Side note: Each city within Washington state requires different endorsements to do business within city limits. Luckily, My DOR has all of those bundled into its site.
Once you’ve completed all four steps, you’ll get a chance to review the changes you would like to make before submitting. And to submit online, there’s a processing fee, so have your checkbook handy, you might need your routing and account numbers.
This site is great if you have a good understanding of licensing minutiae. I don’t. And there is very little help in the “Help” section of the site. Oh — and you have to leave your progress in order to navigate to the help page. Bummer.

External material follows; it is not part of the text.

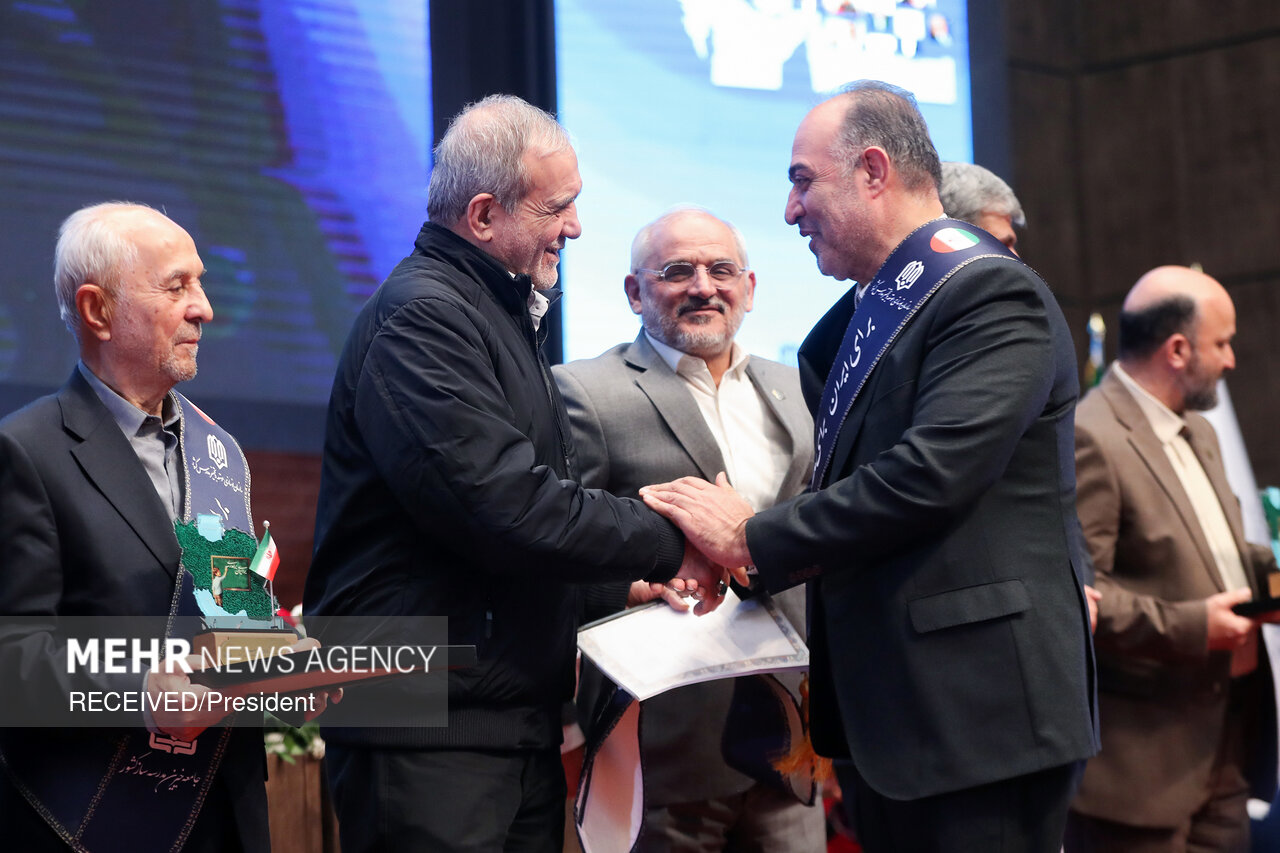 حضور پزشکیان در همایش ملی تکریم خیرین مدرسه‌ساز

Luckily, this is a thing and can be found on the Doing Business page of My DOR as a hyperlink labeled “Small business guidance (Business.wa.gov)”. You can ask your questions using live support chat, email, sms, or by phone at 1.800.917.0043.
It’s almost as if someone looked at business licensing in Washington and said, “You know what? This is some complicated stuff. Let me help.” And then they did.
Oh, (Big) Brother: the IRS and a change of address
If there’s one thing that can be counted on, it’s that the larger the government institution, the more complicated the process. Or rather, defining the process.
I could not find anything pertaining to changing my business address on the IRS site by myself. I had to google it. This is what I eventually found: There is a change of address form (form 8822-B) for businesses. Once I knew what I was looking for, a simple site search for “form 8822-B” got me where I needed to go.
You can also write to the IRS informing them of your change of location. Be sure to include:
- Your full name.
- Your new and old address.
- Your social security number, individual taxpayer identification number, or employer identification number (EIN).
- Your signature.
Either way, you have to mail all of this to the address provided on the change of address form. It takes four to six weeks to process. There is no option to submit online that I could find, but, no processing fees.
The IRS also recommends changing your business address with the post office in case you receive any IRS correspondence during processing. Apparently, not all post offices forward government checks (think tax refunds). Who knew?
Protect your info
Pro tip: Do NOT fill out any forms with your EIN or any other personal information for government purposes on any site that does not end in .gov. There are too many scams out there.
My initial google search turned up a site that offered all of the above information along with a link to the proper forms — it also asked for my EIN to log me in.
Since I had been previously frustrated over the IRS’s lack of a business login portal, I found this strange. So I scrutinized the URL and discovered that while there was .gov in the URL, it ended in .net. I’ve never seen a government site ending in .net, so I noped out. Maybe I’m paranoid, but I’m OK with that. Protect your info, folks.
Notifying the pertinent parities of a change of address for my business turned out to be a chore. But really, no more of a chore than discontinuing and starting utility services — once I knew what I needed to do.
The good: Washington state really helps its business owners out by providing resources via Business.wa.gov. If you do business in Washington and have any questions, this is where you find answers.
The bad: The IRS website is not so user friendly and has no such resource available (that I could find). You have to google it and vet your sources. Be wary of third-party sites.
The ugly: Processing times vary. With the state, it’s a couple of days if submitted online. With the IRS, since it’s all done via mail, it’s several weeks. I recommend getting ahead of your move.